自由なプラットフォームは俊敏性を向上させる
そもそも、仮想化技術を中心としてIaaS分野で強みを持つヴイエムウェアがPaaSに注力する意図は何なのか。シャネゾン氏はその点について、ユーザーの俊敏性を向上させ、生産性を高めるというニーズに応えるものだと話す。

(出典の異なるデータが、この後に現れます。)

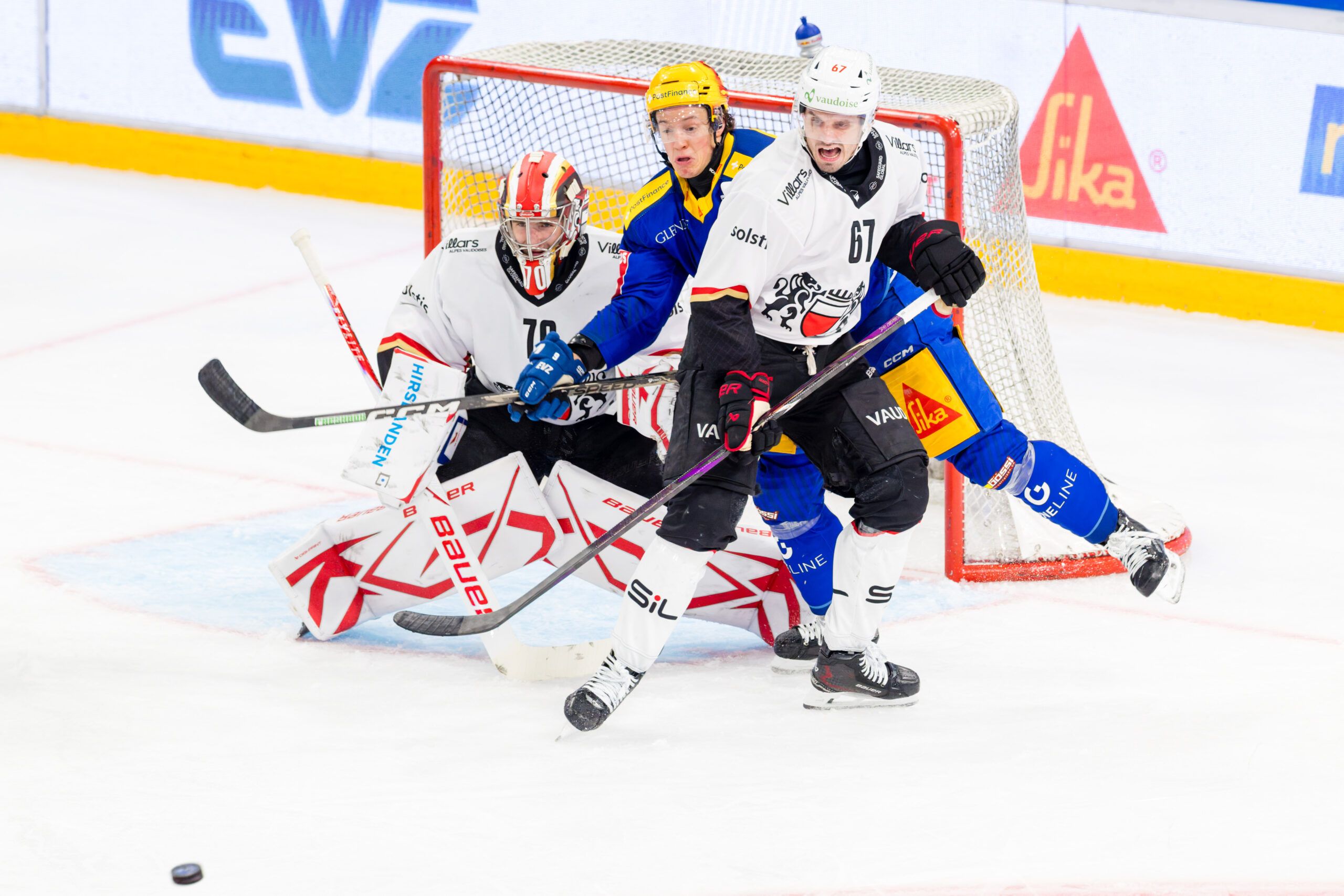 ▶️ NATIONAL LEAGUE – Les images du match Zoug vs Lausanne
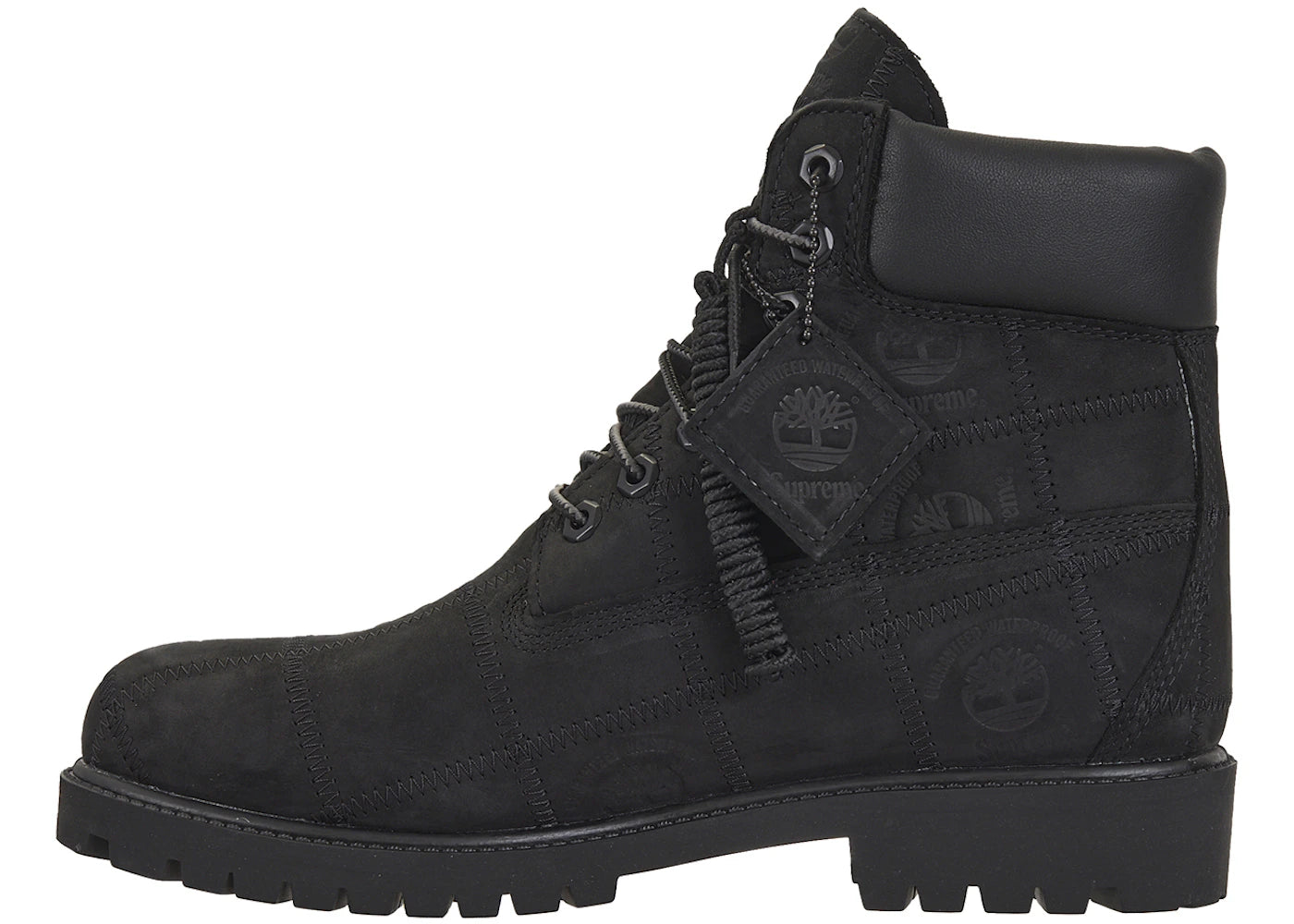 Timberland 6\& Premium Waterproof Boot Supreme Black - TB0A5TBZ-W05
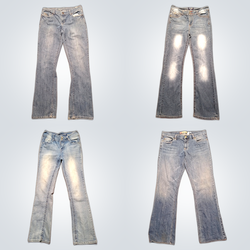 Y2K Fashion Jeans Bundle
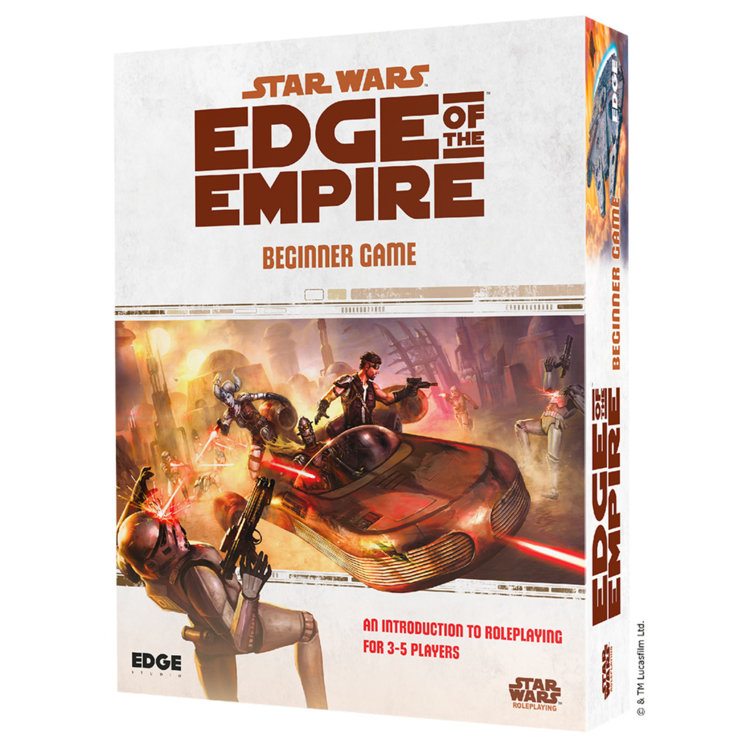 STAR WARS EDGE OF THE EMPIRE: BEGINNER GAME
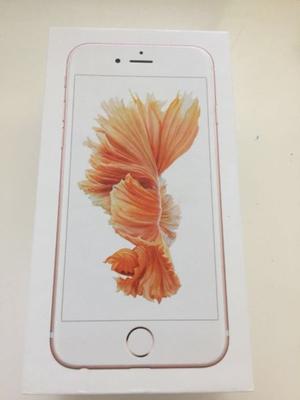 Iphone 6s de 64 gb Rosa completo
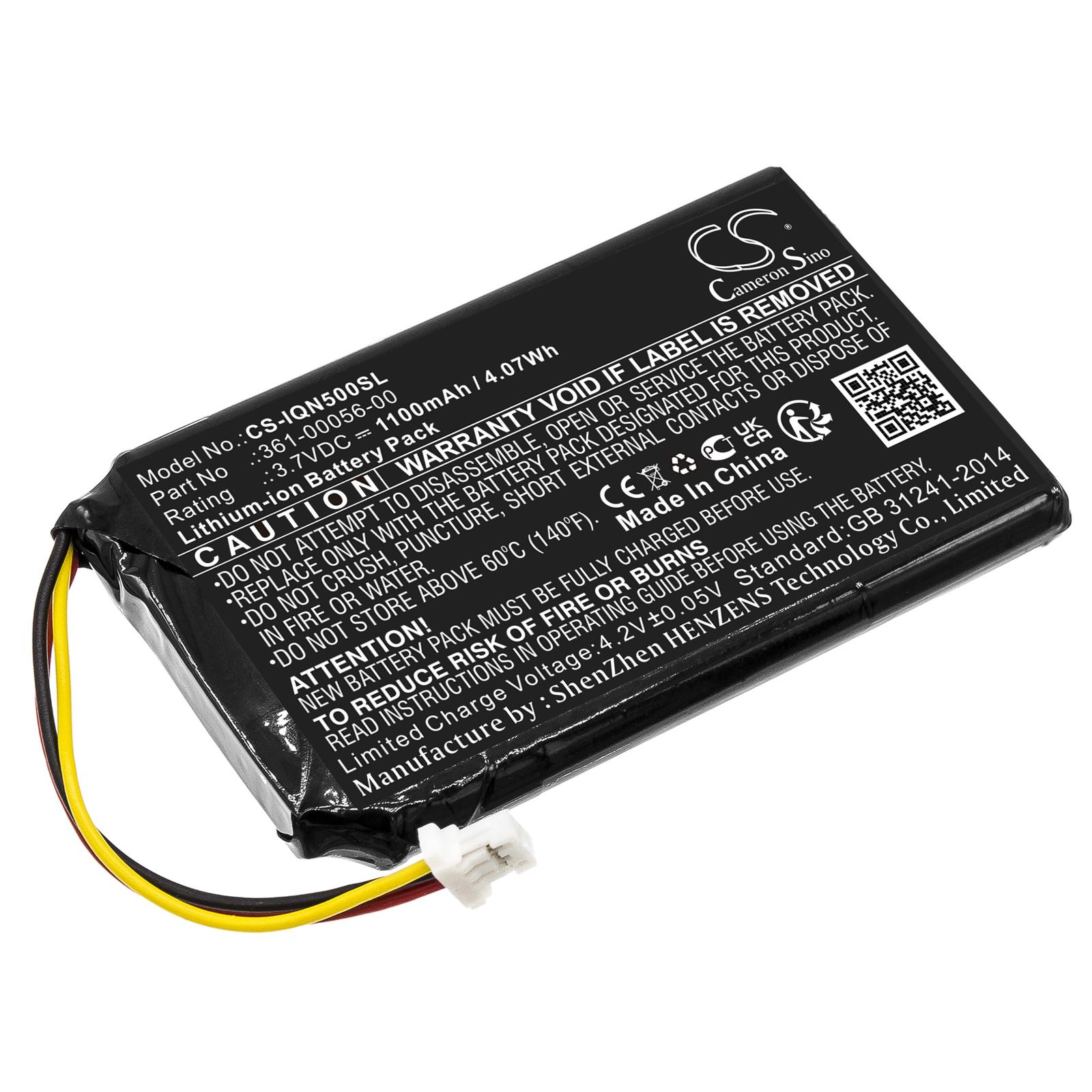 Batterie pour GPS GARMIN Nuvi 30, Nuvi 50, Drive 50 LM 3,7V 1100mAh LiIon Cameron Sino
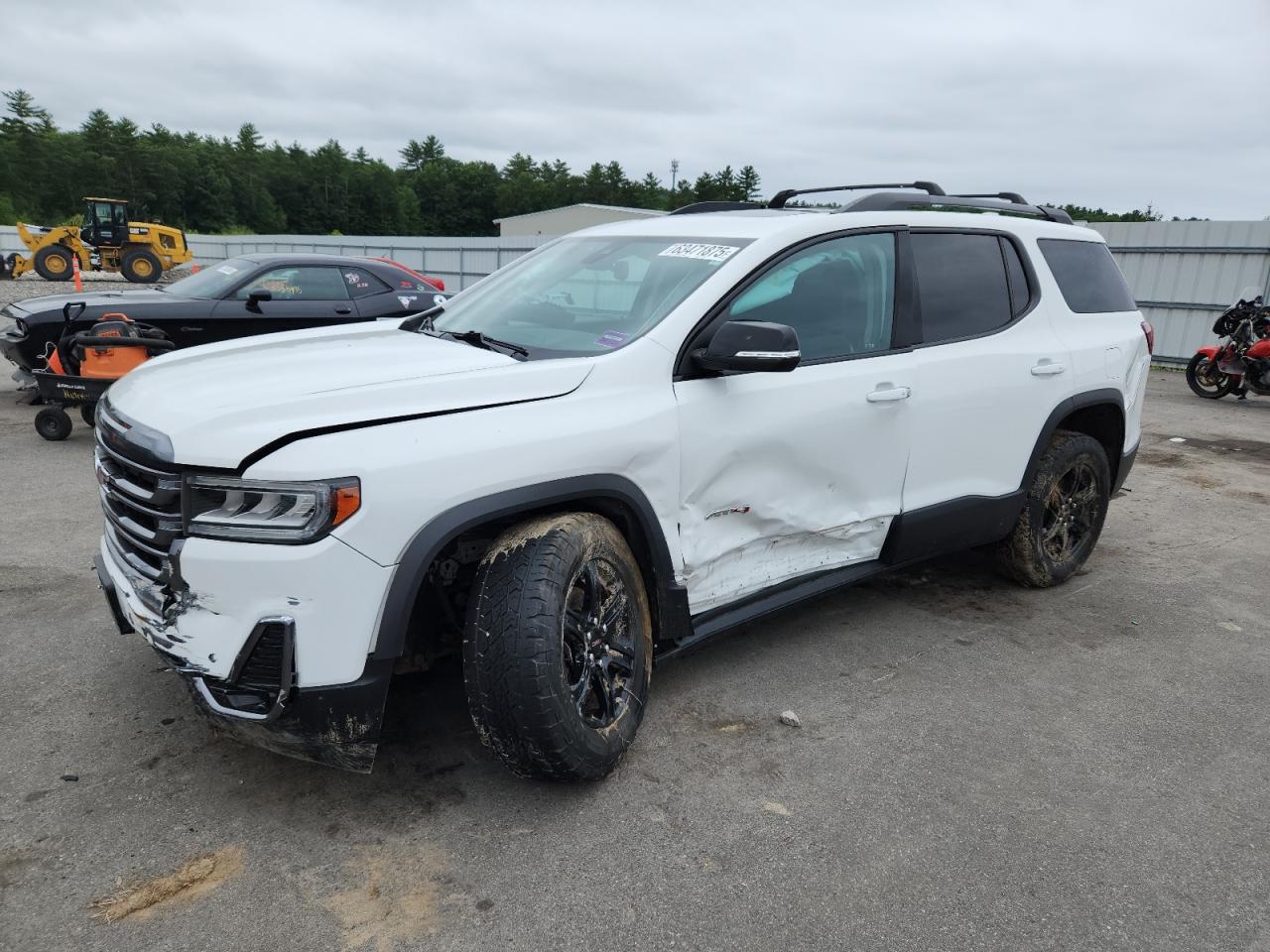 2021 Gmc Acadia at4 AT4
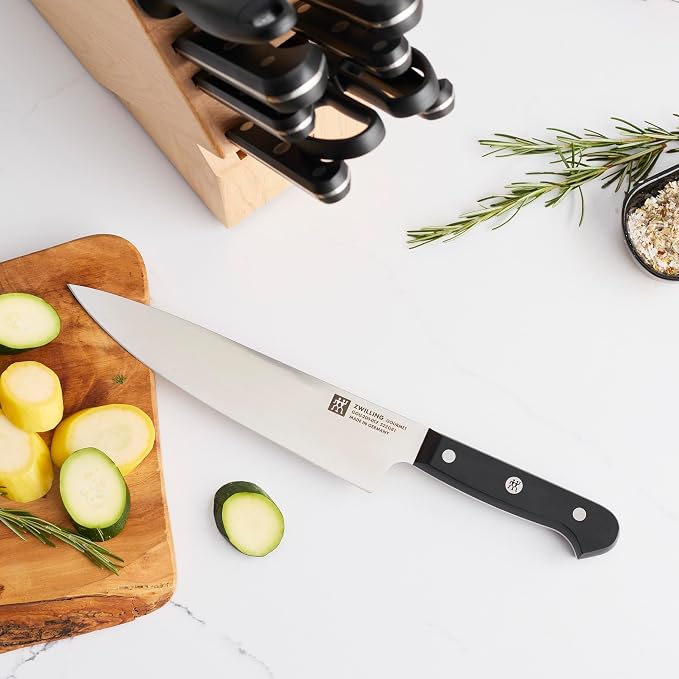 ZWILLING Gourmet 10-pc Knife Block Set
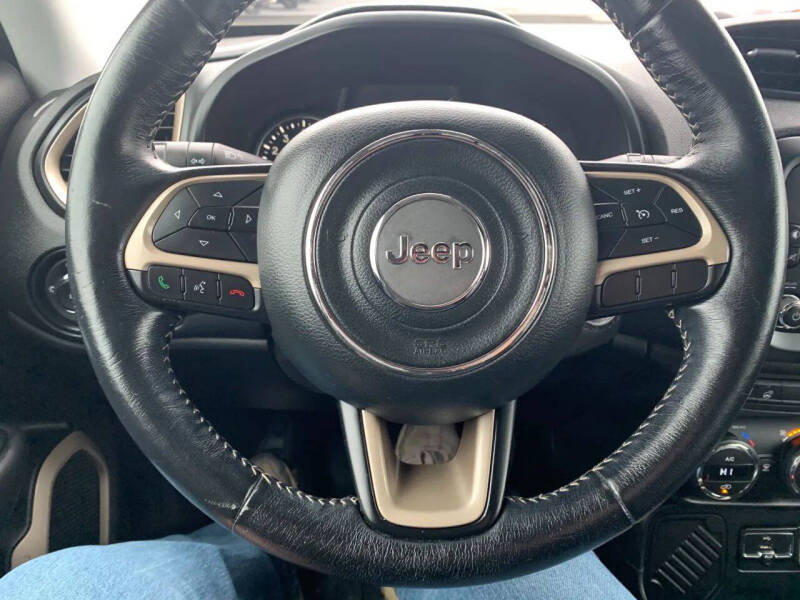 2017 Jeep Renegade Limited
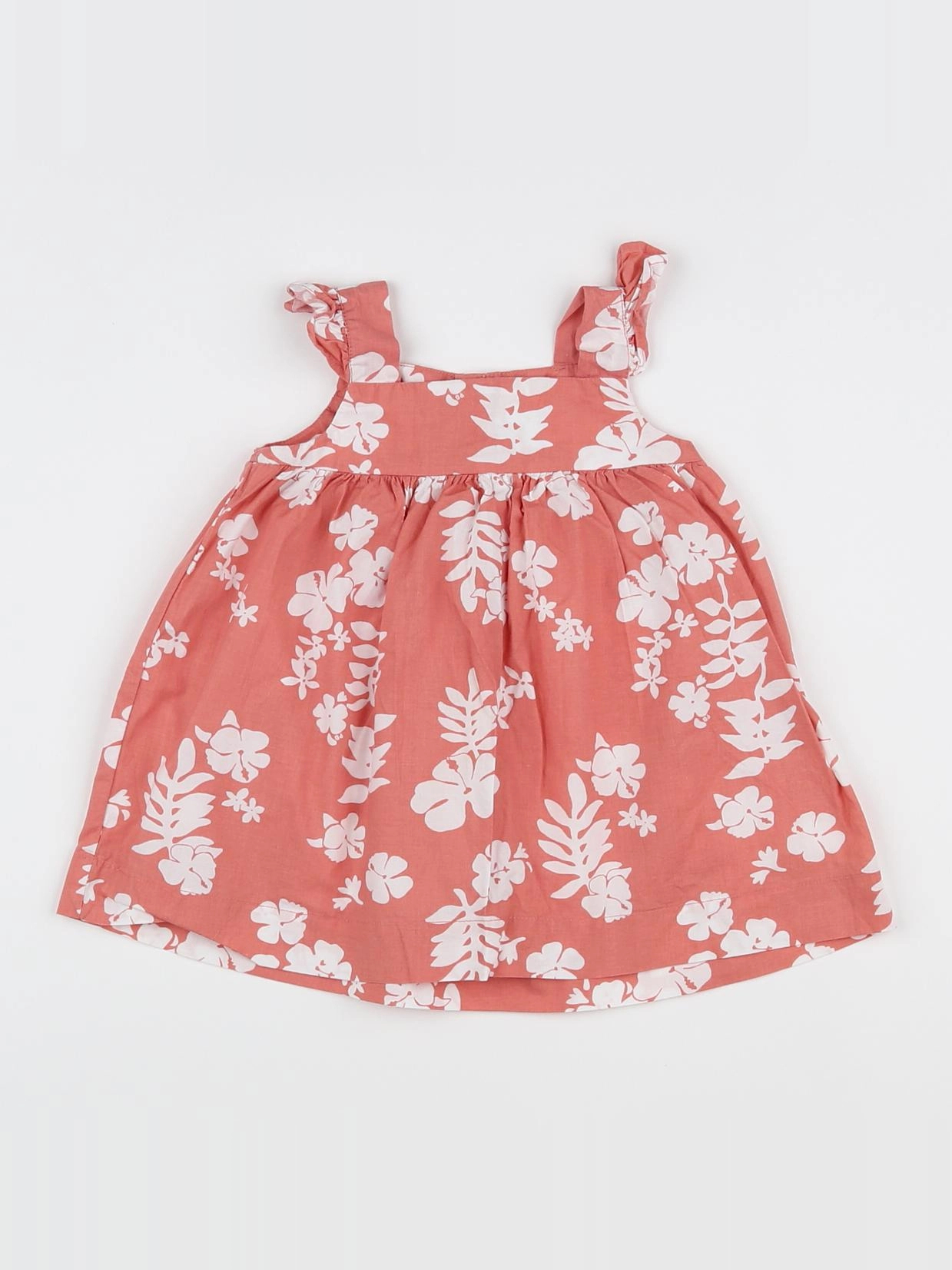 Petit Bateau - robe rose - 3 mois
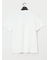 ピンタックボーダー クルーネック半袖Tシャツ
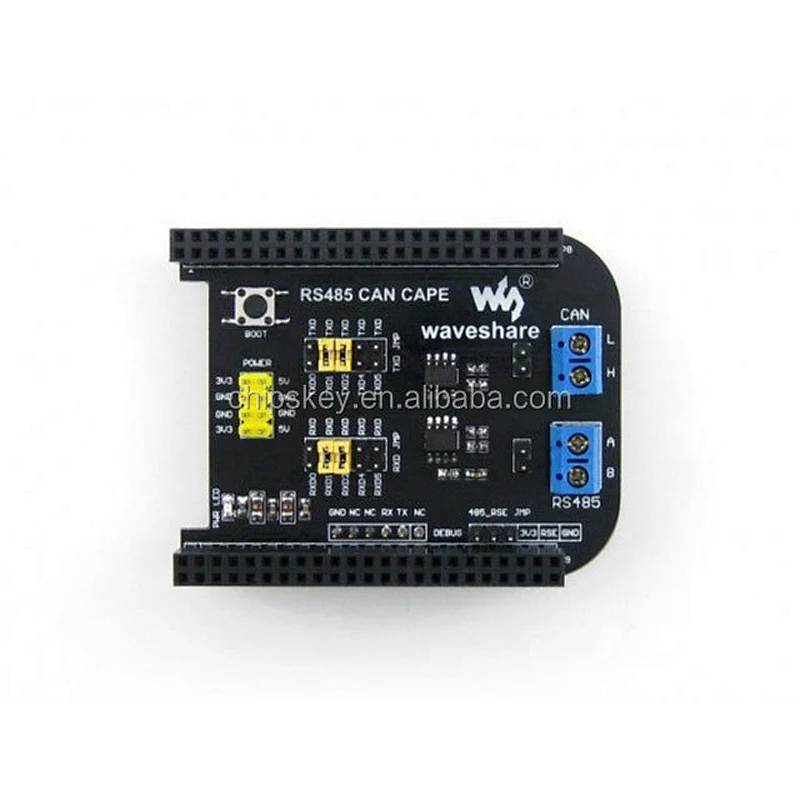 BeagleBone BB BLACK GPIO RS485 CAN Shield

同氏によると、ハードウェアについてはCPUの性能向上や仮想化技術などにより生産性が年々高まっているが、ソフトウェアはそうなっていないという。むしろ、製品やサービスのライフサイクルとリードタイムが短くなり、いかに俊敏にリリースしていくかが問われる時代にあって、開発者の負荷はより高まっている状況にある。そのため、「製品開発における俊敏性を高め、開発者の生産性を高めるには、インフラストラクチャではなく、もう一段上のプラットフォーム上での取り組みが重要になってきた」(同氏)という。マルチ言語、マルチサービスへの対応やオープンソースという提供形態もそうした意図のもとで進められているものだ。
パトリック・シャネゾン氏
また、オープンソースとプロプライエタリなソフトウェアでどのくらい俊敏性に差があるかについては、PHPのサポートを例に挙げてこう説明する。
「Google App EngineでPHPをサポートしてほしいという要望があったが、3年かかって出た結論は『サポートしない』だった。一方、Cloud Foundryでは、要望があってからわずか2週間でPHPがサポートされた」(同氏)
Cloud Foundlyは、公開から1年もたっておらず現在もベータ版での提供だが、ユーザーの関心は非常に高いという。特に、日本国内ではすでにCloud Foundryを用いたプライベートクラウドを構築している楽天をはじめとして、ユーザー企業の開発者、PaaS提供事業者などの取り組みが活発化している状況だ。
仮想化ベンダーからプラットフォームベンダーへと軸足を移すヴイエムウェアの中核を担うサービスとして今後の展開に注目が集まる。